* **About this exercise**: Print the whole listing again exactly, keeping no pictures in it.

* **Supplied information**:

┌────────

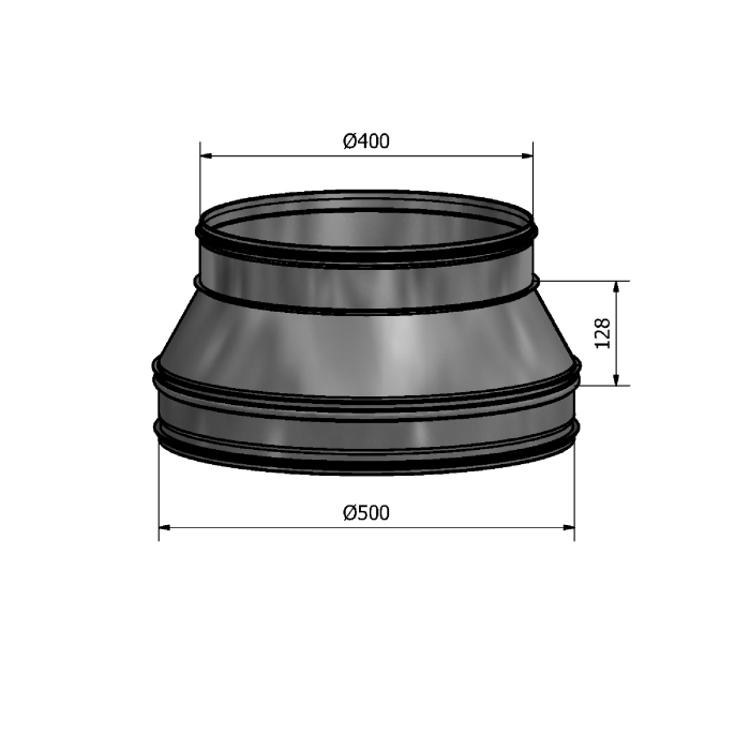 Mynd af Minnkun HFC 500-400 Stutt Hallströms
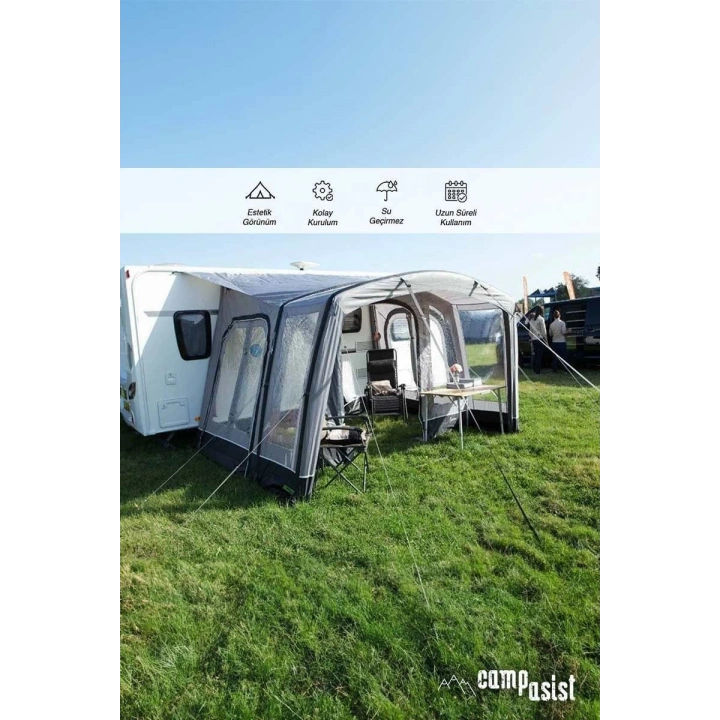 Campasist AIR-400K1 Çift Bölmeli Karavan Tentesi 400x330x235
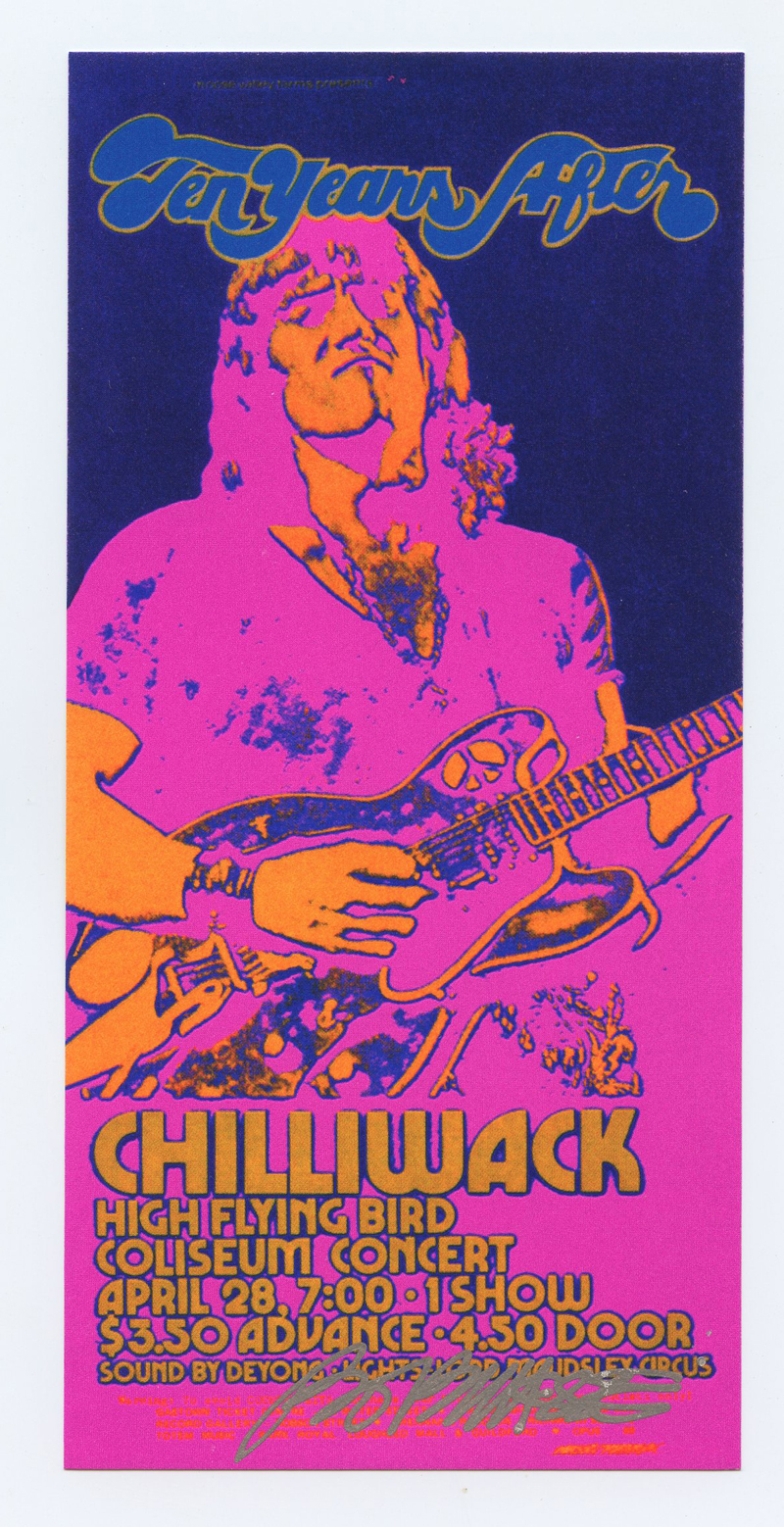 Ten Years After Handbill 1972 Apr 28 the Coliseum Vancouve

└────────

* **Written answer**:
 Mynd af Minnkun HFC 500-400 Stutt Hallströms
 Campasist AIR-400K1 Çift Bölmeli Karavan Tentesi 400x330x235
 Ten Years After Handbill 1972 Apr 28 the Coliseum Vancouve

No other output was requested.